### Exercise
Among the lines below, restate word for word only those from the line with "Florida - Sød" through the line with "Ventilador con el", with both end lines kept.

[Stored items]
• • •
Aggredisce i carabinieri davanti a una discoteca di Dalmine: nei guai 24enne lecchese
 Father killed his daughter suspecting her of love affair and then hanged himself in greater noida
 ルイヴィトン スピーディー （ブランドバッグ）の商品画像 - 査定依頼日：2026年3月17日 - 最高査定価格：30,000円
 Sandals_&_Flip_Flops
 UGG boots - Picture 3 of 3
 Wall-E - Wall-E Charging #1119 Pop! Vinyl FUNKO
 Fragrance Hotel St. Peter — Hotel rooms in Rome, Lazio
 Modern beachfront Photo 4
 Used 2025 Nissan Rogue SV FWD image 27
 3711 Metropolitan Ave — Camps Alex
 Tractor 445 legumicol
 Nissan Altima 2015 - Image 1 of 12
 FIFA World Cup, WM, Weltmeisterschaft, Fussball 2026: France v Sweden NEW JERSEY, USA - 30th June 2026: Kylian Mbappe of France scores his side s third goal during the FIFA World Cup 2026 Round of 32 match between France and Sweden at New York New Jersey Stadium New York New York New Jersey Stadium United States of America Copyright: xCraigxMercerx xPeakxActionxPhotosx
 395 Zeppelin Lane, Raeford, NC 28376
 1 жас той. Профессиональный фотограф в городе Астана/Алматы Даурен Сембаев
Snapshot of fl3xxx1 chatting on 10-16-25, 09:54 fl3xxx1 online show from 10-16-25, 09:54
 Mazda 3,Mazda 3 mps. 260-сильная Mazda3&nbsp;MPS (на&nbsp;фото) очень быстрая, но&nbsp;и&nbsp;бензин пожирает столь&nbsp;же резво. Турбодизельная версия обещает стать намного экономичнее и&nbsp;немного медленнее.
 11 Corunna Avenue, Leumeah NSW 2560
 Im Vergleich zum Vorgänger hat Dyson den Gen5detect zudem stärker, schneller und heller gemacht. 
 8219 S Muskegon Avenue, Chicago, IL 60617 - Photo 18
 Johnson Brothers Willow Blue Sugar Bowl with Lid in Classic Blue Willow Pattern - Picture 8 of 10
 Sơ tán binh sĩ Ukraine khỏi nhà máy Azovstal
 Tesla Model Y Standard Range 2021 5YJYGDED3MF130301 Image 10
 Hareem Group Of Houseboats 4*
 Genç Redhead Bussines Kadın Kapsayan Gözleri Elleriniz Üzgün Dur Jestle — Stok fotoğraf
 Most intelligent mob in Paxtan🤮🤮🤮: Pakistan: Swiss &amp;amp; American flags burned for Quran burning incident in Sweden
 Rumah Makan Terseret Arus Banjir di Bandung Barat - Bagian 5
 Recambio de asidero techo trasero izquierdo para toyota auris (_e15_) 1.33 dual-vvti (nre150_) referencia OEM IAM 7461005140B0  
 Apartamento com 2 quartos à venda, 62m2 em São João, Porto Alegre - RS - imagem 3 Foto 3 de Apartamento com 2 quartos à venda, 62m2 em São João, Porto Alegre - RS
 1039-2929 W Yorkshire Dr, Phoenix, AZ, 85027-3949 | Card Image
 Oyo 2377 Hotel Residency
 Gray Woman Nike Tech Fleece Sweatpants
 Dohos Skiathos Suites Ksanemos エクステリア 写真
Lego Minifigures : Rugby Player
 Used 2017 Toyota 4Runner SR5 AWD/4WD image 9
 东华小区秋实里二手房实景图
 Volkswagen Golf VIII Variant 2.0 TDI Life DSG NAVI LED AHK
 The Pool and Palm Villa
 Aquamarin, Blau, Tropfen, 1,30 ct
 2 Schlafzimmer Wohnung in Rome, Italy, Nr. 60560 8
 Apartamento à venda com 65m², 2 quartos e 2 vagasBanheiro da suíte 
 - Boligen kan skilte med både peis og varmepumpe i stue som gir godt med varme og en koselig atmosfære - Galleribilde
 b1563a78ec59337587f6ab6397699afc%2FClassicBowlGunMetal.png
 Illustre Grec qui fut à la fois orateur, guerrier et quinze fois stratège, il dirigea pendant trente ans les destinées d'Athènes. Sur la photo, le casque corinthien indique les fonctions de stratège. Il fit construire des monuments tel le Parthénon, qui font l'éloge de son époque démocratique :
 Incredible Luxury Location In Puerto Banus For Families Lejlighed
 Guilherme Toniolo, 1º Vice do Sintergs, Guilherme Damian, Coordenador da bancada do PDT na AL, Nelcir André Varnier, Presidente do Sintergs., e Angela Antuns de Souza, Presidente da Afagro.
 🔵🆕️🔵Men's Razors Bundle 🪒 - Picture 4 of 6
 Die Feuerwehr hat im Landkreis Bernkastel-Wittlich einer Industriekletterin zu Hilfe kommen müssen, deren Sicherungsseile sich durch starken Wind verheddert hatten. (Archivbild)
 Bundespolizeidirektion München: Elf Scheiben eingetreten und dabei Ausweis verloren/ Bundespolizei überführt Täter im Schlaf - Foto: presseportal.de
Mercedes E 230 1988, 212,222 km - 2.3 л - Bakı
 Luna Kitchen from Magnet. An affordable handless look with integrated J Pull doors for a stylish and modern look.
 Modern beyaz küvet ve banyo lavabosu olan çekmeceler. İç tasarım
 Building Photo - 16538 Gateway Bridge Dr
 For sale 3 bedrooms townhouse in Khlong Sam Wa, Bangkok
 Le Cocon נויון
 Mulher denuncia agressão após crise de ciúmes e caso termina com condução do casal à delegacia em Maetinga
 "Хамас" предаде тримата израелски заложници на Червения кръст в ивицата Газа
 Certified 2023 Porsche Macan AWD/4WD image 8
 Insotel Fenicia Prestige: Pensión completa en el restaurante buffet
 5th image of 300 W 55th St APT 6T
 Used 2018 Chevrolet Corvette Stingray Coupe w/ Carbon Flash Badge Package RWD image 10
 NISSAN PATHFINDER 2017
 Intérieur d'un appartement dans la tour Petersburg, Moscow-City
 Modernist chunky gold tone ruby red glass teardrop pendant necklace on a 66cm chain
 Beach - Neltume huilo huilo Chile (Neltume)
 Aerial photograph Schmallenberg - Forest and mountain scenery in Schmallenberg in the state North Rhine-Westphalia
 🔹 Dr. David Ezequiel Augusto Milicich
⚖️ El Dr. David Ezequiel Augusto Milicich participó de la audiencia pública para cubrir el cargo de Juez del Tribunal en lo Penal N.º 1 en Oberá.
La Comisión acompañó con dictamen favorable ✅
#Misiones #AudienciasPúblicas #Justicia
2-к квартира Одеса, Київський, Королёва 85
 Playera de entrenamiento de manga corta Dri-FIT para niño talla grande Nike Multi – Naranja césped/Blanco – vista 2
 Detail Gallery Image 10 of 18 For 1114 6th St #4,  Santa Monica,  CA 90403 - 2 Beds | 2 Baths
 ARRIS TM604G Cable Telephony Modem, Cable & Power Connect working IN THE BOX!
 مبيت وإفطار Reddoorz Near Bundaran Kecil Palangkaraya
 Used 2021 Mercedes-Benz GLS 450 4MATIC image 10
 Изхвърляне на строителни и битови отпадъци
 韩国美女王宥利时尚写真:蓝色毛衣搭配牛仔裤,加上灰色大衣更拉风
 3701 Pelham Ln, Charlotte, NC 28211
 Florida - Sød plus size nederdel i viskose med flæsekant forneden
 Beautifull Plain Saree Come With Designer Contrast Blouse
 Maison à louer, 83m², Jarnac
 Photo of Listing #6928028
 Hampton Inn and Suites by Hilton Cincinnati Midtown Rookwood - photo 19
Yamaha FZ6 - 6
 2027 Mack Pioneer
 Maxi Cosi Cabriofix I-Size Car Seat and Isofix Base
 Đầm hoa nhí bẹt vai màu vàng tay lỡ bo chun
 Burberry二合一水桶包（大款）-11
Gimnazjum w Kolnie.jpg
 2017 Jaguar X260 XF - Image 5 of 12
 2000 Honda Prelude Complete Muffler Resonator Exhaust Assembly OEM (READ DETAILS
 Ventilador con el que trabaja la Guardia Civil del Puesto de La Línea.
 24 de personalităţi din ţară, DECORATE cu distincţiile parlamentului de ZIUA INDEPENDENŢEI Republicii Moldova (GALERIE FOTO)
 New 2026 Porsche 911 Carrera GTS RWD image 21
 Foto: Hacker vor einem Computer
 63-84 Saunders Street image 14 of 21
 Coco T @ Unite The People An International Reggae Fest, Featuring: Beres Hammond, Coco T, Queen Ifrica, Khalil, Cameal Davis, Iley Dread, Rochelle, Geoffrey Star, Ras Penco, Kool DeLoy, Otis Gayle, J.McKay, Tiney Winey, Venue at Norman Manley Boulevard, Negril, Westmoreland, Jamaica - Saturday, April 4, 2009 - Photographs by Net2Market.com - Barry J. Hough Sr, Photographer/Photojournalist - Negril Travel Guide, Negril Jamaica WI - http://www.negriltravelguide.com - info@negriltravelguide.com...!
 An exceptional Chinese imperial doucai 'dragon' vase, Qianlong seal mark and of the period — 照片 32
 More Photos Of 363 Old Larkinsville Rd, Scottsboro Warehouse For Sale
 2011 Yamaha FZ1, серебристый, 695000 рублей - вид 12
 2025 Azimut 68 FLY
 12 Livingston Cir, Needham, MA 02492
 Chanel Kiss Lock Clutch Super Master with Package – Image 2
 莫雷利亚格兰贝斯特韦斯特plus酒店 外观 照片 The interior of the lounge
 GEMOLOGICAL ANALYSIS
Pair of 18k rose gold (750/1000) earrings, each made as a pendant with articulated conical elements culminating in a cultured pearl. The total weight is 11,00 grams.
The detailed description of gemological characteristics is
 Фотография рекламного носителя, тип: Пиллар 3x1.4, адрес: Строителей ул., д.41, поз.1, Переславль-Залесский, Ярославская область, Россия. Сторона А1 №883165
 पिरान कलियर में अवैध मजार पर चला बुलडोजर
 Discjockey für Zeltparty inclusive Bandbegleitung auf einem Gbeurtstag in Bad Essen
• • •
### Answer box
 Florida - Sød plus size nederdel i viskose med flæsekant forneden
 Beautifull Plain Saree Come With Designer Contrast Blouse
 Maison à louer, 83m², Jarnac
 Photo of Listing #6928028
 Hampton Inn and Suites by Hilton Cincinnati Midtown Rookwood - photo 19
Yamaha FZ6 - 6
 2027 Mack Pioneer
 Maxi Cosi Cabriofix I-Size Car Seat and Isofix Base
 Đầm hoa nhí bẹt vai màu vàng tay lỡ bo chun
 Burberry二合一水桶包（大款）-11
Gimnazjum w Kolnie.jpg
 2017 Jaguar X260 XF - Image 5 of 12
 2000 Honda Prelude Complete Muffler Resonator Exhaust Assembly OEM (READ DETAILS
 Ventilador con el que trabaja la Guardia Civil del Puesto de La Línea.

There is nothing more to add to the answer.